BEGIN

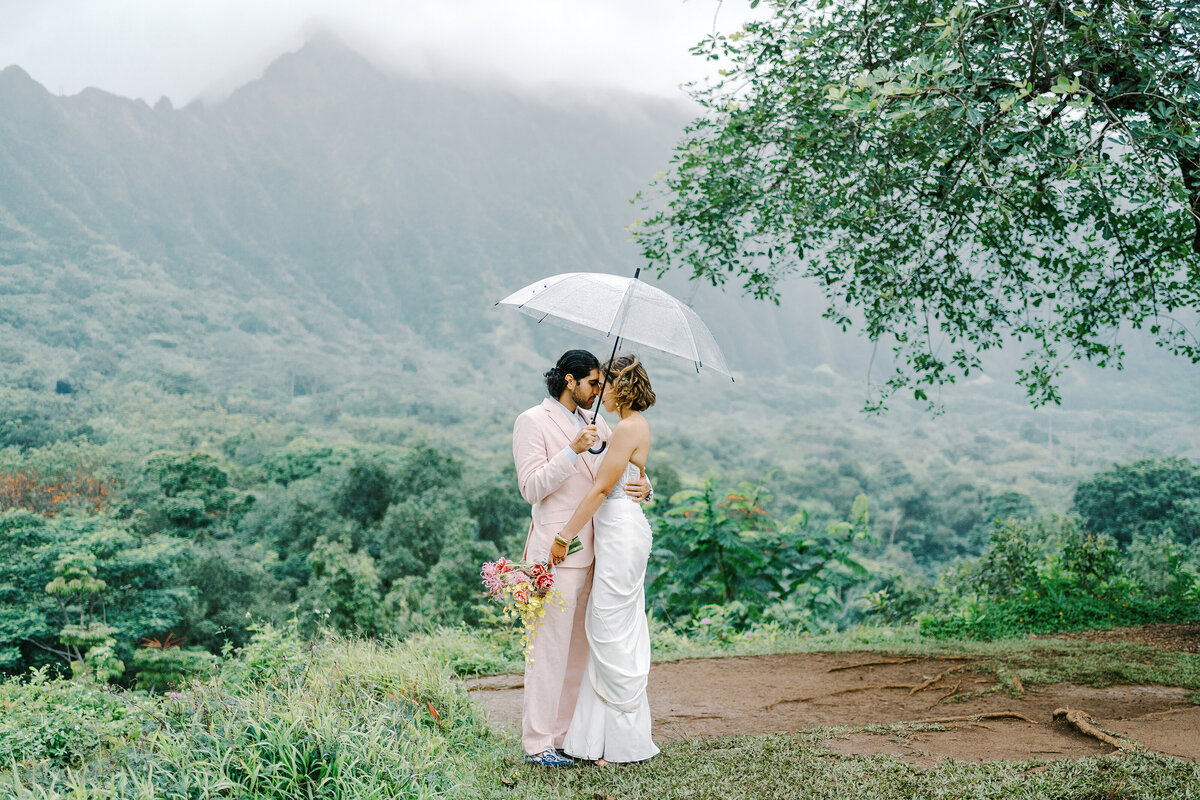 Mountain Forest - Oregon Elopement Intimate Micro Wedding Photographer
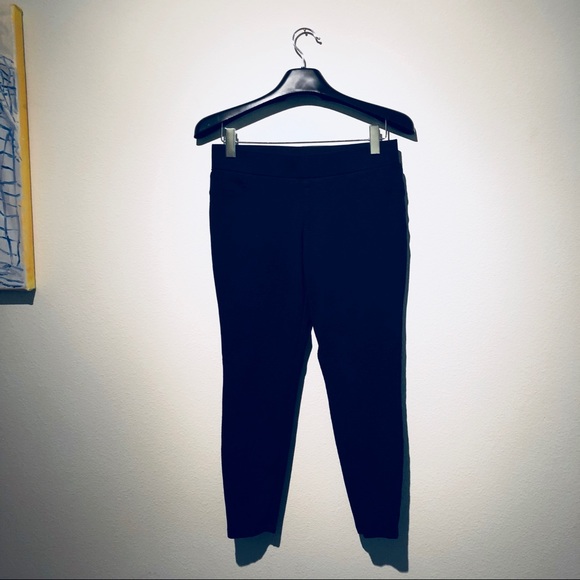 Navy Blue Spandex Work Capris - Picture 4 of 4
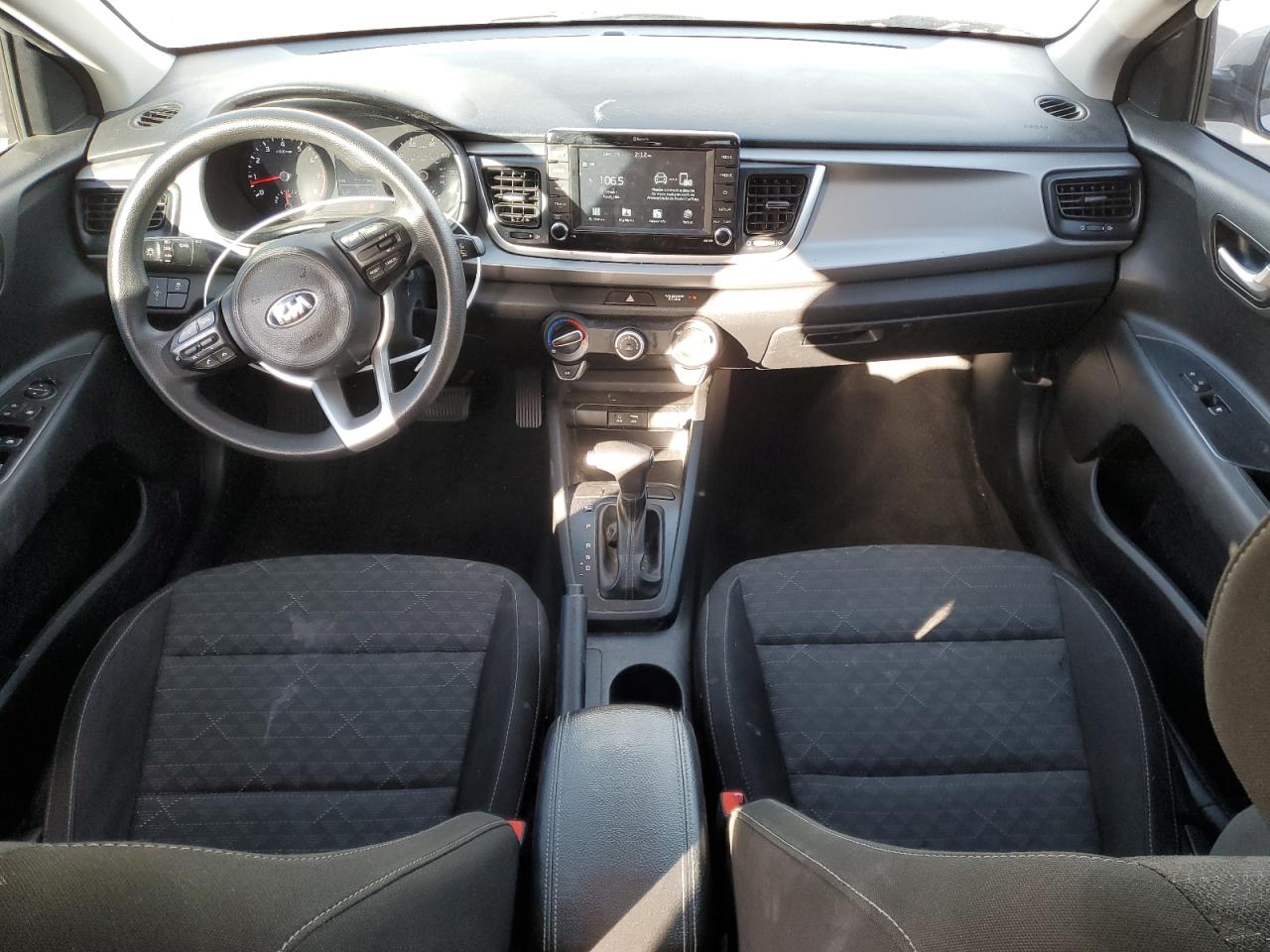 2020 Kia Rio - Image 8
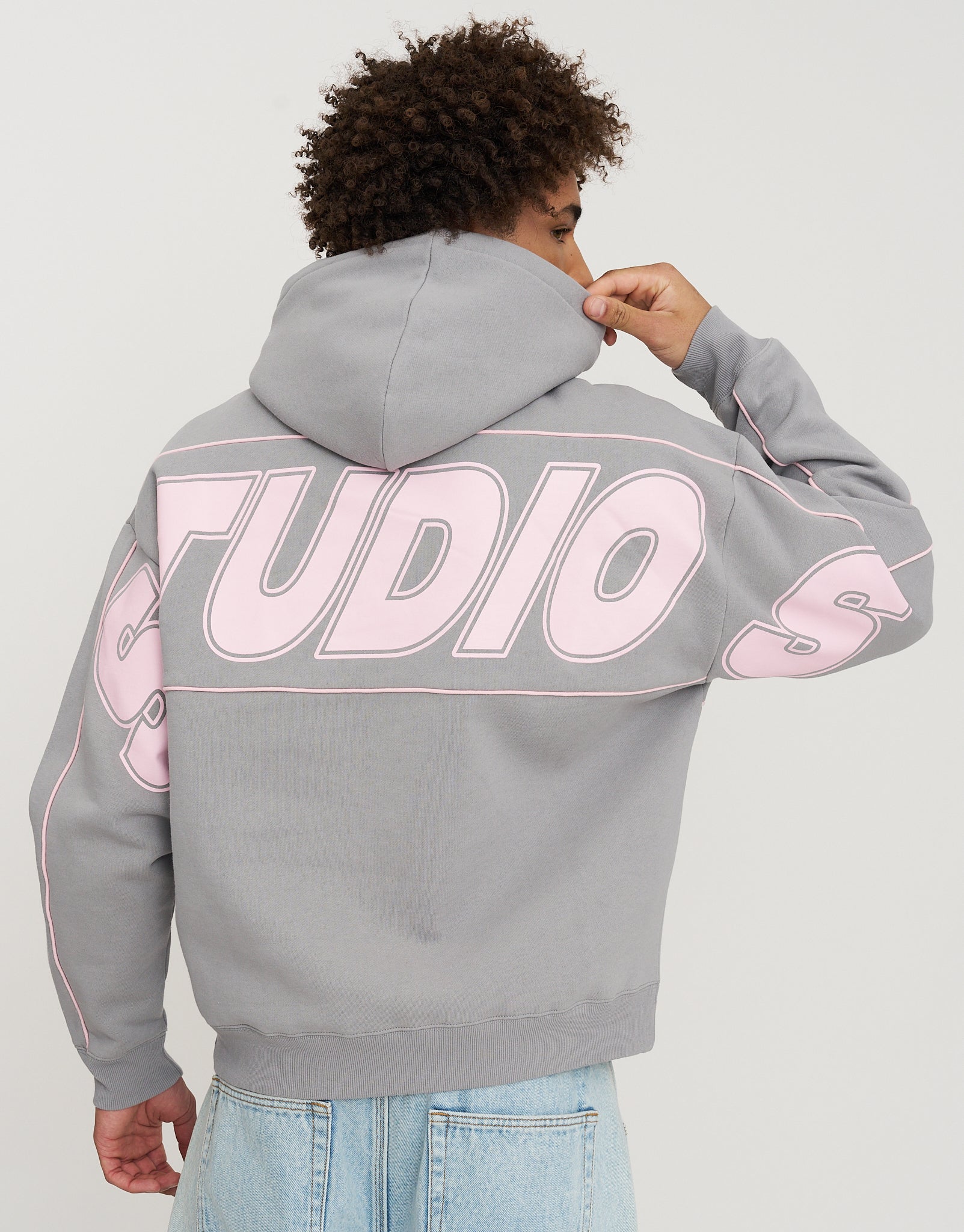 Studios Oversized Cropped Hoodie in Alloy Grey | Hallensteins AU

END

**What to do:** Each of the lines above should be transcribed exactly; no image is to be copied.

**Result:**
 Mountain Forest - Oregon Elopement Intimate Micro Wedding Photographer
 Navy Blue Spandex Work Capris - Picture 4 of 4
 2020 Kia Rio - Image 8
 Studios Oversized Cropped Hoodie in Alloy Grey | Hallensteins AU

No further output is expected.